• INFORMATION PROVIDED
-- Opening Marker --

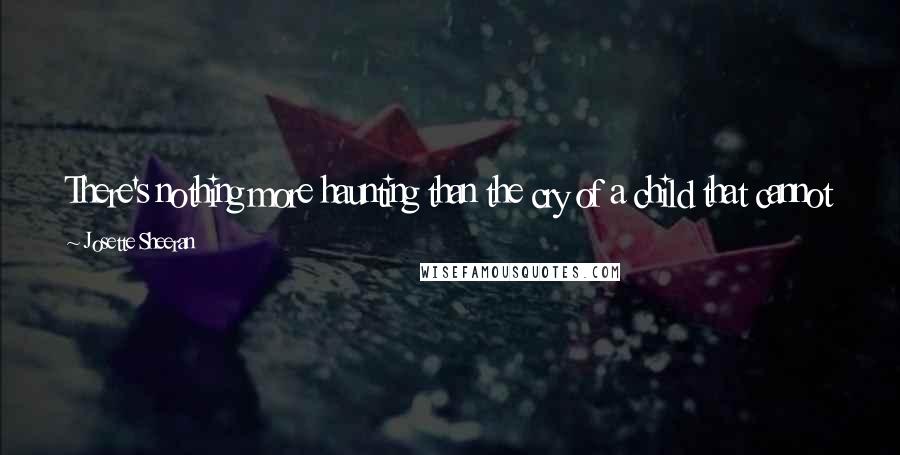 Josette Sheeran Quotes: There's nothing more haunting than the cry of a child that cannot be returned with food - the most fundamental expectation of every human being.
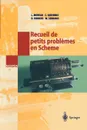 Recueil de Petits Problemes En Scheme - L. Moreau, C. Queinnec, D. Ribbens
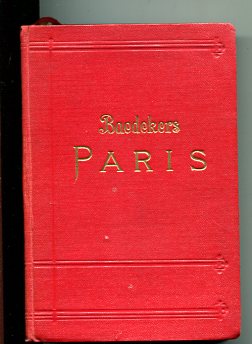 Paris und Umgebung. Handbuch für Reisende. Mit 17 Karten, 41 Plänen und Grundrissen.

-- Closing Marker --

• PROMPT
Copy the listing in full and without alteration, omitting every picture.

• RESPONSE
 Josette Sheeran Quotes: There's nothing more haunting than the cry of a child that cannot be returned with food - the most fundamental expectation of every human being.
 Recueil de Petits Problemes En Scheme - L. Moreau, C. Queinnec, D. Ribbens
 Paris und Umgebung. Handbuch für Reisende. Mit 17 Karten, 41 Plänen und Grundrissen.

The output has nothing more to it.